Моя мама, Славина Ирина Константиновна, была врачом терапевтом. Многие годы она работала врачом скорой и неотложной помощи в поликлинике Министерства Внутренних Дел. В 1941 году была выпущена зауряд-врачом из Первого Московского медицинского института, участвовала в Великой Отечественной войне, работая сначала в санитарном поезде, а потом в блокадном Ленинграде. Она не любила говорить на эту тему, отказывалась писать воспоминания и не желала принимать участия в военно-патриотической общественной деятельности, к которой ее пытались привлечь на работе и по месту жительства. Из ее маленьких рассказов, услышанных мною в разные годы, о событиях, эпизодах, впечатлениях тех лет и о людях, которые были с ней рядом, получилась эта личнaя история.
До войны
В 1937 году Ира Михайловская поступила в Первый Медицинский институт в Москве. Она с отличием окончила среднюю школу им. Молотова в Алма-Ате, куда был выслан ее отец, и была принята в институт без экзаменов. На первых курсах учиться было трудно – сплошная теория и зубрежка, химия, латынь, анатомия, гистология, патанатомия и т.д. На третьем курсе началась практика в больницах и учиться стало гораздо интереснее. Ей нравилась студенческая жизнь. Она хорошо играла на пианино, и ее приглашали на многиe музыкальные вечера и студенческие вечеринки. До поступления в институт она даже думала о том, чтобы стать пианисткой. Но после встречи с профессором консерватории, который сказал, что она может быть неплохим аккомпаниатором, но вряд ли ей светит сольная карьера, категорически отказалась продолжать занятия музыкой. Институтские друзья ее музыкальный талант оценили гораздо выше, чем тот профессор. Позднее она, правда, говорила: «Какое счастье, что у вас есть магнитофон. А я, как дура, в студенческие годы сидела за пианино, когда все танцевали и целовались у меня за спиной». В ее компании были будущие хирурги Стаська Долецкий и Юрка Юмашев. Юра, симпатичный худой мальчик, ухаживал за ней и даже возил знакомиться со своими родителями. Но мысли ее все больше занимал высокий, молчаливый красавец, аспирант кафедры хирургии. Он был намного старше ее друзей, выглядел солидно и при первой встрече назвался Аркадием Матвеевичем. Говорил с акцентом, потом выяснилось, что зовут его Агаси Мартиросович Нубарян, и он хирург из Армении. Когда на втором курсе она серьезно заболела, он о ней очень заботился. Врачи не могли понять причину ее болезни. Сначала ей удалили миндалины, потом вырезали аппендицит, но температура упорно не снижалась. Ира пропустила много занятий и думала брать академический отпуск. Но Агаси не советовал это делать, он договaривался со всеми преподавателями, брал конспекты у ее однокурсников, помогал заниматься и лечил ее.
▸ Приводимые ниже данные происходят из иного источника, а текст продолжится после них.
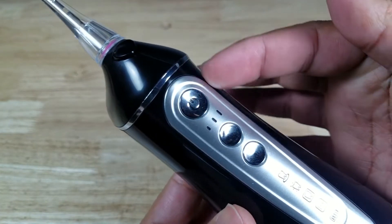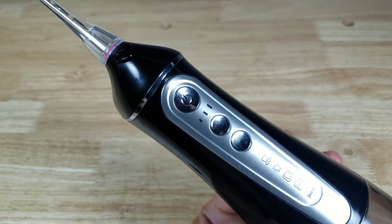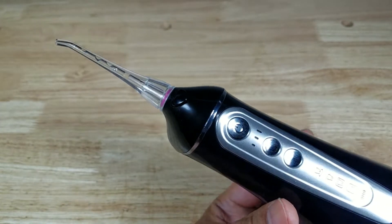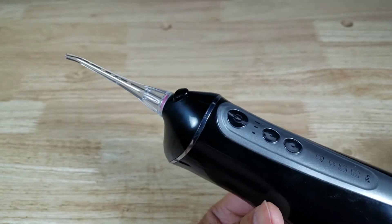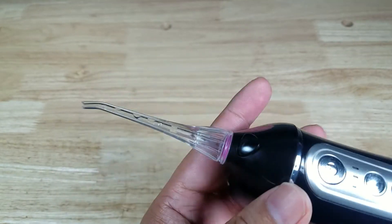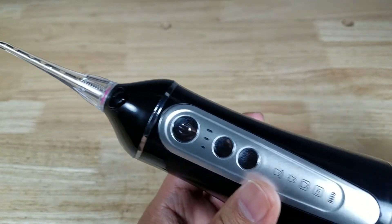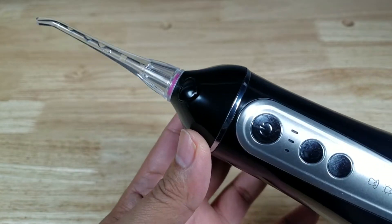Before getting into the functionality of these buttons, a reminder: make sure you're either totally out of water in the reservoir before you take this out of your mouth, or that it's completely off. Because if it turns on — which is probably going to happen to everybody — you're just going to have a massive sprinkler system going off out of that tip. So make sure it's completely off or completely out of water when it's not in your mouth.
Она болела почти год, но с его помощью успешно сдала вce экзамены.
Начало войны
Война началась, когда Ирa перешлa на пятый курс. Все ее однокурсники, хотя были на разных практиках, немедленно собрались в институте. В холле перед аудиторией выставили столы с табличками, на которых было написано: госпитали, медсанчасти, медсанбаты, санитарные поезда… Все обсуждали, куда записываться, были возбуждены, воодушевлены, полны оптимизма, смеялись, не веря, что это надолго. Постоянно слышалось: «Наконец-то займемся делом! Ну мы им покажем!» Один парень из ее группы потащил Иру к столу «Санитарные поезда». Он сказал, что очень важно будет перевозить раненых в тыл с фронта и в поезде оказывать всю необходимую помощь. Они стали агитировать другого своего приятеля: «Мишка, давай с нами!» «Ерунда, – сказал он, – я лично буду прорываться на корабль. И к родителям на Дальнем Востоке поближе». Уже все везде записались, но никто и не думал расходиться. Решили пойти к кому-то домой. Постоянно кипятили чайник, съели все, что было дома, потом скинулись и послали ребят в ночной магазин за едой. С разговорами, песнями и стихами просидели всю ночь.
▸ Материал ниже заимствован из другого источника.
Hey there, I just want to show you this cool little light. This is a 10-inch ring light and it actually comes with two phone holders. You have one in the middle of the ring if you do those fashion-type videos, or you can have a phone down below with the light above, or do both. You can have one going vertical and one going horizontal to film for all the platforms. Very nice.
Старшекурсников мобилизовали. Три месяца Ира провела в санпоезде, сначала в поезде «Москва – Смоленск – Москва», а потом ее стали перекидывать с поезда на поезд. Большим разочарованием было то, что студентов к лечению не допускали, многие работали санитарами, им поручали всякую несерьезную работу. И когда она и ее товарищи вдруг узнали, что все мединституты объявляют набор студентов для окончания учебы, они ринулись доучиваться. В августе их вызвали в институт, но многих сразу не отпустили, и занятия начались лишь первого октября. Занимались день и ночь. По очереди дежурили на крышах, гасили бомбы-зажигалки, которые сбрасывались на Москву. Программу сократили до семи месяцев, выкинули психиатрию, урологию и кое-что еще. Одновременно все работали в больницах. Врачей не хватало, многие ушли на фронт, поэтому пятикурсникам немедленно выдали справку зауряд-врача. С этой справкой уже в конце октября 1941 года Ирину зачислили врачом-терапевтом в Басманную поликлинику в Москве. Так появилась ее первая запись в трудовой книжке.
Дорога в Ленинград
Ирина закончила ускоренный курс обучения и продолжала работать в московской поликлинике, но просилась направить ее в Ленинград. Там в Военно-морском госпитале с самого начала войны работал заведующим хирургическим отделением Агаси. В августе 1942 года ее просьбу удовлетворили и по распоряжению Бауманского райздравотдела Ирину командировали для работы в Ленинград. Она взяла с собой чемодан, тетради с конспектами лекций и портфель с документами.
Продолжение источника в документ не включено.